The Paris group’s experimental setup was similar to that of the Wisconsin group. But to find evidence of the requisite entanglement, Grangier and company did not address the two Rb atoms with separate laser beams. Instead they directed the same excitation pulse simultaneously at both atoms, which were held in optical traps only 3.6 µm apart. That smaller separation does less to show off the extraordinary range of the Rydberg interaction, but it facilitates the demonstration of entanglement.

For a given Rydberg state, the long-range interaction strength decreases with the separation r something like 1/r ³. Grangier and company chose to excite the Rb atoms to the n = 58 Rydberg state, for which the unusually strong blockade shift B is about 10 times greater at a separation of 3.6 µm than it is for n = 90 at 10 µm.

With both atoms in the electronic ground state, one can denote their joint wavefunction as |g,g〉, taking the first argument to refer, say, to the atom closer to the laboratory’s door. Irradiating that state with the laser’s wavelength tuned to ΔE for n = 58 can yield either |g,r〉 or |r,〉 but never—to the extent that the Rydberg blockade is effective—|r,r〉. And indeed that’s what the Paris group found, with a blockade efficiency of about 90%.

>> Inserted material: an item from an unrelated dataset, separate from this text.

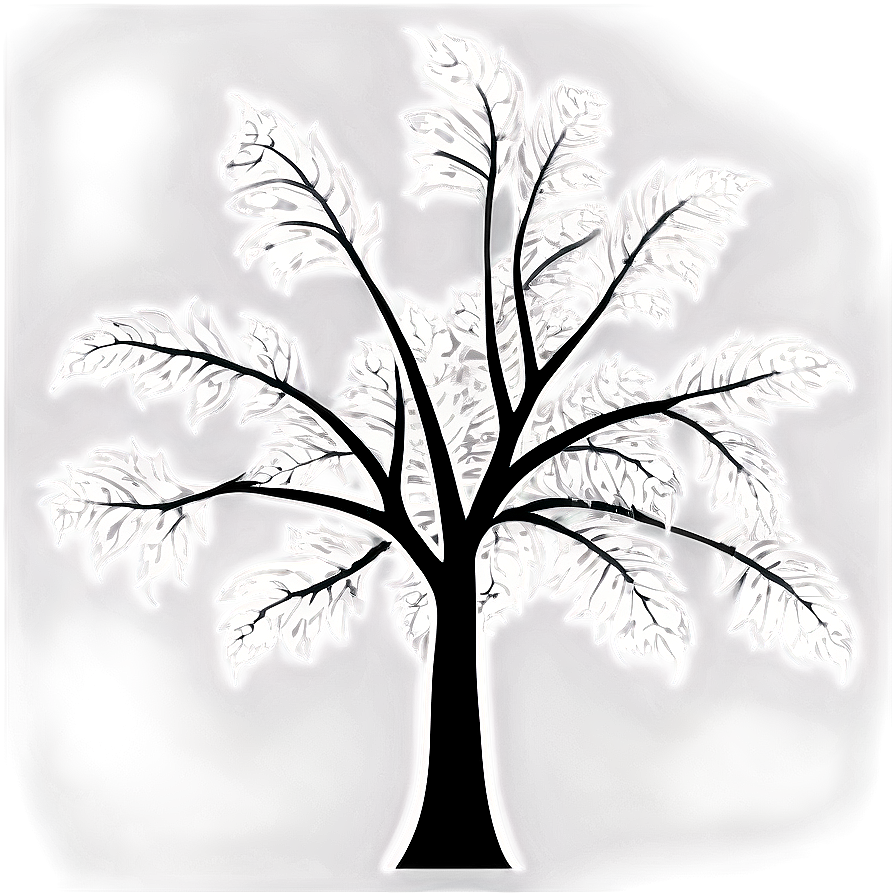 Black And White Tree Outline Png 68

“Only one of the two atoms gets excited,” says Grangier, “but the excitation is delocalized over both atoms. And that’s how they become entangled in our experiment.” The resulting quantum state is presumed to have the entangled form

$$|\Psi 〉=\left(|\text{r},\text{g}〉+e^{i\phi }|\text{g},\text{r}〉\right)/\sqrt{2},$$

where the phase difference φ comes simply from the different positions of the two atoms in the beam of the excitation laser.

That entangled wavefunction implies that the system oscillates between |g,〉 and |Ψ〉 with a frequency √2 v _R, where v _R would be the Rabi oscillation frequency of a lone Rb atom in the same laser beam. So even though only one atom at a time can be in the excited state |r〉, the excitation rate is predicted to be enhanced by the entangled presence of the second atom. And that is indeed what Grangier and company found. Figure 3 compares the observed Rabi oscillation when one of the two traps is left empty with what happens when Rb atoms are loaded into both traps. In the latter case, the Rabi oscillation is clearly faster. And the measured ratio of oscillation frequencies, 1.38 ± 0.03, is consistent with the predicted √2.

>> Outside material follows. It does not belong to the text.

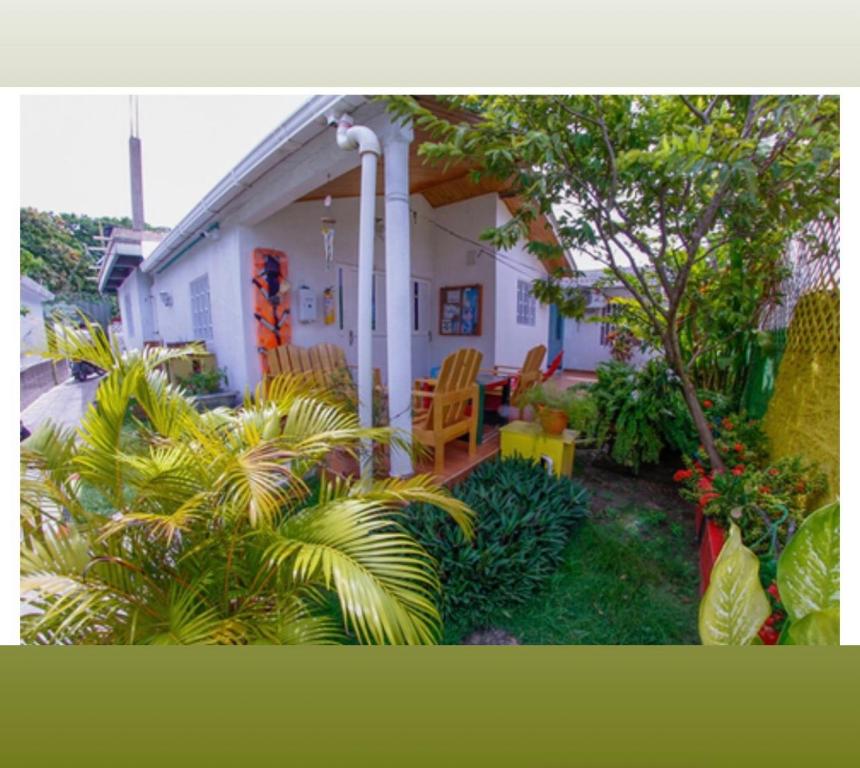 a white house with chairs and plants in the yard at Apartamentos Katy in San Andrés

A rigorous “proof” of entanglement would require demonstrating a violation of Bell’s inequality, the upper limit of correlation between separated parts of a classical system. “But,” says the University of Connecticut’s Phillip Gould, “it’s hard to explain the observed √2 speedup by anything short of actual entanglement.”

The Paris group is confident that for practical quantum gates, the entanglement of the two atoms can survive the transfer of the electronic-excitation information to long-lived hyperfine qubits. As a byproduct, that transfer would also serve to cancel out the dependence of the entangled state on the phase difference φ. The φ dependence would otherwise contribute to decoherence because the thermal motion of the atoms trapped at µK temperatures causes their positions and therefore φ to vary from one pulse to the next.

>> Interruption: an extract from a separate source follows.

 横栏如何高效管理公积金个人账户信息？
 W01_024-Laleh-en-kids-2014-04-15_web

“Rydberg blockade is particularly well adapted for quantum information processing,” says Grangier, “because it provides a scheme for deterministic—as distinguished from probabilistic—creation of entangled hyperfine states.” That is, one can essentially create an entangled state at will. Probabilistic schemes, by contrast, require multiple tries and some sort of signal to announce the creation of an entangled state.

An experiment by the University of Maryland’s Chris Monroe and coworkers gives an extreme but provocative example of the probabilistic creation of entangled hyperfine states between a pair of ions held a meter apart (see Physics Today, November 2007, page 16 ). The ions were much too far apart to interact, but the experimenters did mix the decay photons from their simultaneous but separate excitations. And a few times per billion tries, the photon mixing revealed that the ions had become entangled without ever having met.